▶ **Information supplied**
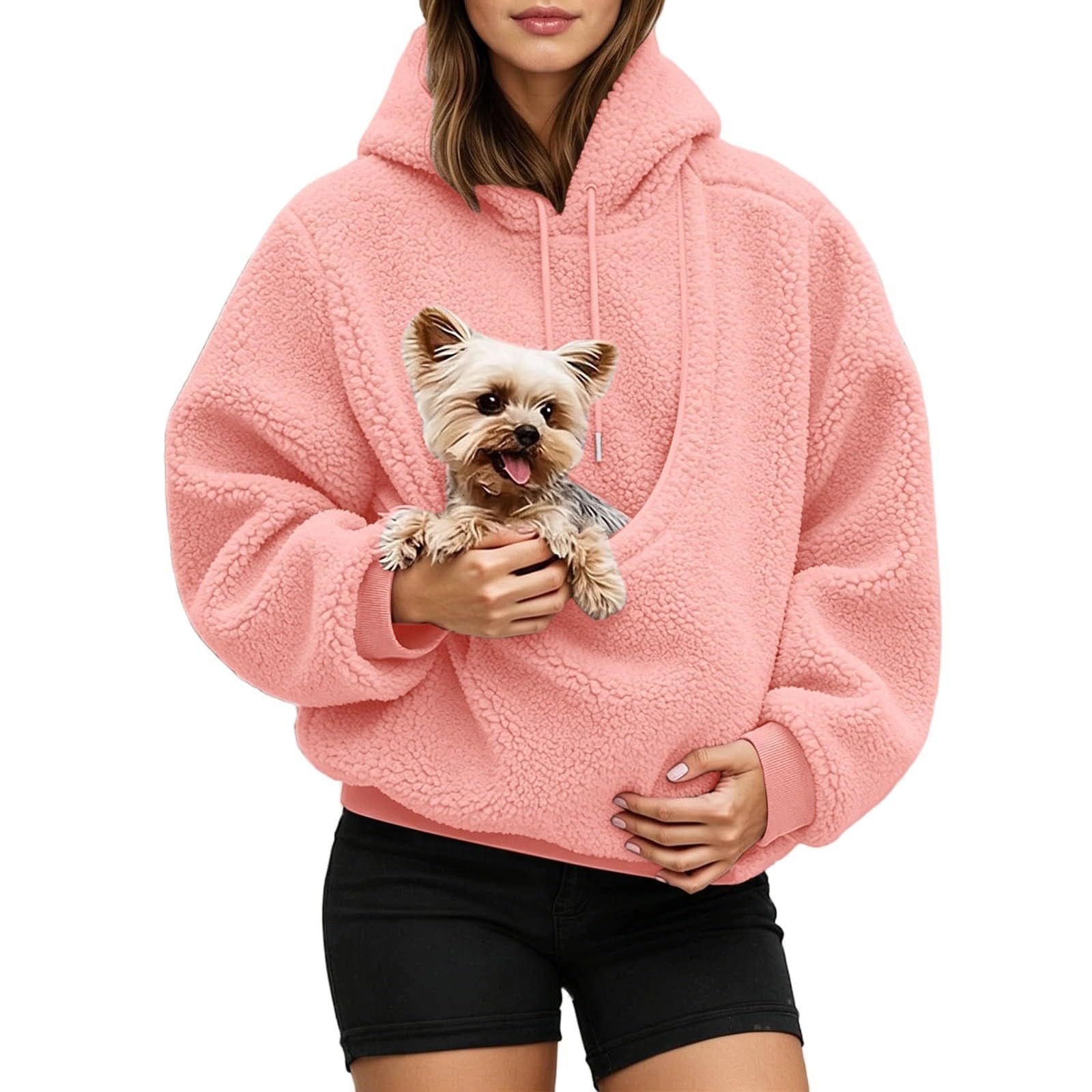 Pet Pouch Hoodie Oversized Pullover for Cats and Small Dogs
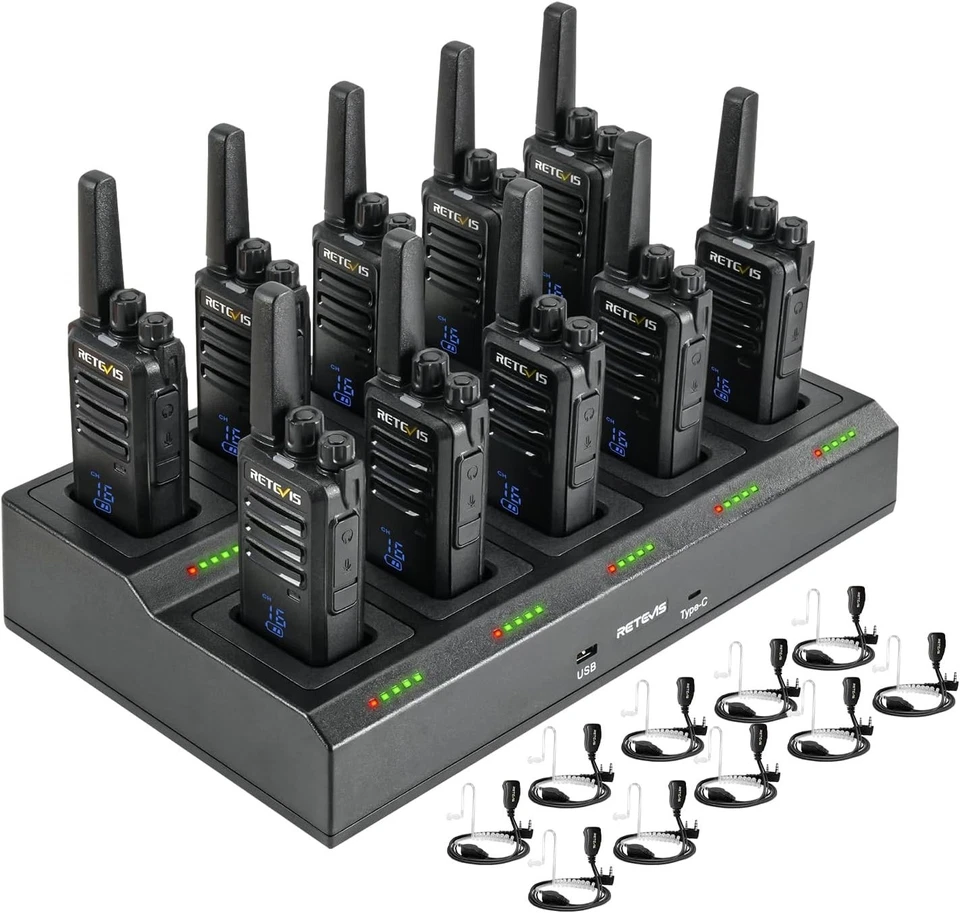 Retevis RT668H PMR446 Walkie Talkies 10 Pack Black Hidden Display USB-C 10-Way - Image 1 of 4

--

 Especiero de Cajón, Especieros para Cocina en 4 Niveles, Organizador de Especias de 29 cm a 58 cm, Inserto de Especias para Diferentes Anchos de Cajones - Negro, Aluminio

...

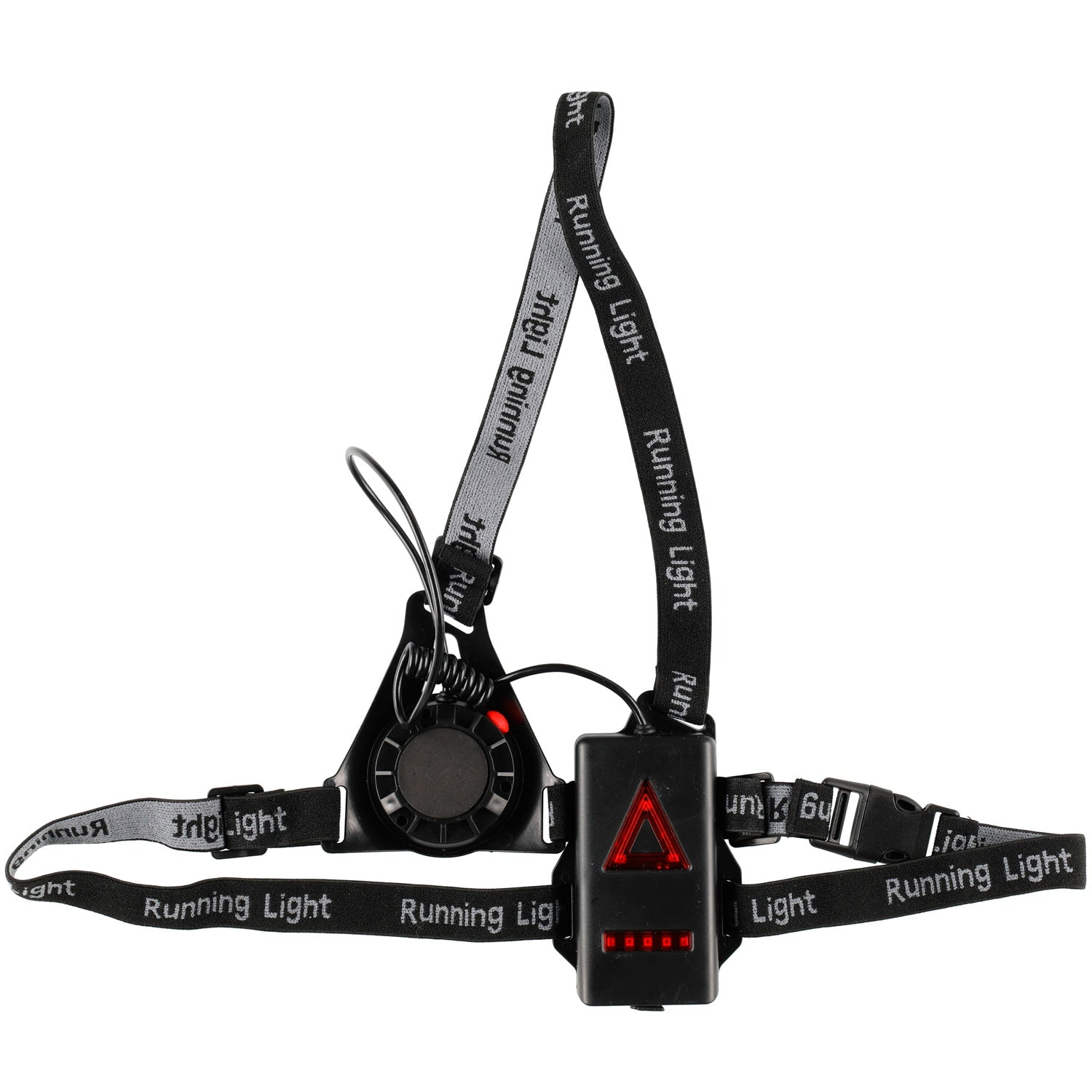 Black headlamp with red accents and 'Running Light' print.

▶ **The problem**
Range to copy from the records above: the line containing "Pet Pouch Hoodie" to the line containing "Retevis RT668H PMR446", both included. Output those lines exactly and only those, skipping pictures.

▶ **Expected answer**
 Pet Pouch Hoodie Oversized Pullover for Cats and Small Dogs
 Retevis RT668H PMR446 Walkie Talkies 10 Pack Black Hidden Display USB-C 10-Way - Image 1 of 4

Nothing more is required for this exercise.